Türkçeye aynen yukarıdaki şekilde çevrilmiş olan deyiş, Adorno’nun “Minima Moralia” adlı çalışmasının bir yerinde geçmekle beraber aslında kitabın özeti gibidir. Türkçeleştirilmiş bu ifade biçimi bu deyişi tam olarak ifade etmemekte ve anlamı açmak için biraz çaba gerekmektedir.
Bu çabayı kendimizce sarfetmeden evvel kendisinden sonra gelen çalışmalara ilham kaynağı da olan bu esere dair kısa bir açıklama gereklidir sanırım. İsmini Aristoteles’e atfedilen Magna Moralia’dan almış olduğunu ifade eden eser Adorno’nun İkinci Dünya Savaşı sırasında Amerika’da sürgünde iken yazılmaya başlanmış ve 1949’da tamamlanarak yakın çalışma arkadaşı M. Horkheimer’in ellinci yaş gününe adanmıştır. Eser aynı zamanda Nietzsche’nin “Şen Bilim” (Gay Science) isimli eserine atıfla “Hüzünlü Bilim”e (sorrowful science) adanmıştır ki kitap, günlük yaşamdan alınan çeşitli temalarla “iyi yaşam öğretleri”ne tersi bir iddiayla bunun mümkün olmadığına göndermelerle doludur. Kitap bir çeşit aforizma benzeri uzun, birkaç paragrafla tamamlanmış kısa makalelerle doludur. Temaların esas iddiası insanlığın olmadığı bir toplumda iyi, onurlu bir yaşamın artık mümkün olmadığına işaret eden Ferdinand Kümberger’den alıntı ile “Yaşam yaşamıyor”la başlıyor ve kitabın alt başlığı ise “Sakatlanmış yaşamdan yansımalar”. Konuları oyuncakların yıkıcı doğası, ailenin viraneliği, Hakiki olanın sahteliği, ahlaki olanın artık ahlaki olmaması, Karşılıklı iletişimin çürümüşlüğü, okültizmin yükselişi, zarafetin tarihi vb.dir.
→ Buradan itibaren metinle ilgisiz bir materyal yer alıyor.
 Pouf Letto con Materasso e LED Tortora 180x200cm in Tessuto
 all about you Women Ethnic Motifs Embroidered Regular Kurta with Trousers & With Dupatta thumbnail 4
Özellikle Adorno’nun kendi yaşamının tahrip edilmişliği kitabın yazılmasında ana etmendir ki kendisi bunu özellikle belirtir. Hele ki “Gözünüzdeki kıymık en iyi büyüteçtir” (“The splinter in your eye is the best magnifying glass.”) sözü kitap için daha da manidar bir ifade olarak durur.
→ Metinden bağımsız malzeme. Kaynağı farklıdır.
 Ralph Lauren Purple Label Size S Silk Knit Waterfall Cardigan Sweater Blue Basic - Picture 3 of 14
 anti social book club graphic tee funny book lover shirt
Şimdi aforizmanın kendisine gelmeliyiz.
“Evsizlere sığınak: —Özel yaşamın düştüğü durumu, sahnesine bakarak anlayabiliriz. Sözcüğün alışılmış anlamıyla barınak, artık imkânsızdır. İçinde büyüdüğümüz geleneksel evler çekilmezleşmiştir:
Orada yaşanan her konforun bedeli bilgiye ihanettir bugün, en küçük sığınma duygusuna bile aile çıkarlarının küflü kokusu karışmaktadır. Bir tabula rasa üzerinde inşa edilen o modern, işlevsel konutlarsa, uzmanların zevksizler için imal ettiği, içlerinde yaşayanlarla hiçbir bağlantısı olmayan yaşama kutularıdır, ya da yolunu şaşırarak tüketim alanına girmiş fabrika tesisleri – zaten sönüp gitmiş olan bağımsız varoluş özlemine taban tabana zıttır bütün bunlar. Modern insan tıpkı hayvanlar gibi yerde uyumak istiyor, demişti bir Alman dergisi, Hitler’den önce, kahince bir mazohizmle: Yatakla birlikte, düşle uyanıklık arasındaki eşiği de ortadan kaldırıyor. Uykusuzlar her an göreve çağrılabilirler, her şeye hazır ve dirençsizdirler, aynı anda hem dikkatli hem bilinçsiz. Sahici ama satın alınmış bir eski konakta sığınak arayan kişi kendini diri diri mumyalamış olur. Bir otel ya da pansiyona taşınarak kendi ikametgâhımızın sorumluluğundan kaçma çabası da mülteciliğin dışarıdan dayatılmış koşullarının bilgece bir seçim olarak görünmesini sağlar. En ağır darbeyi yiyenlerse, her yerde olduğu gibi, seçme imkânına sahip olmayanlardır. Kentin çöküntü bölgelerinde değilse bile, yarın yerini kümeslere, arabalara, vagonlara, kamplara ya da düpedüz açık havaya bırakabilecek kulübelerde yaşamaktadırlar. Ev, geçmişte kalmıştır. Çalışma ve toplama kampları kadar, Avrupa kentlerinin bombalanması da, teknolojinin içkin gelişmesiyle eve çoktan biçilmiş olan hükmün sonunda infaz edilmesidir sadece. Evler eski konserve kutuları gibi kullanılıp atılacak şeylerdir artık.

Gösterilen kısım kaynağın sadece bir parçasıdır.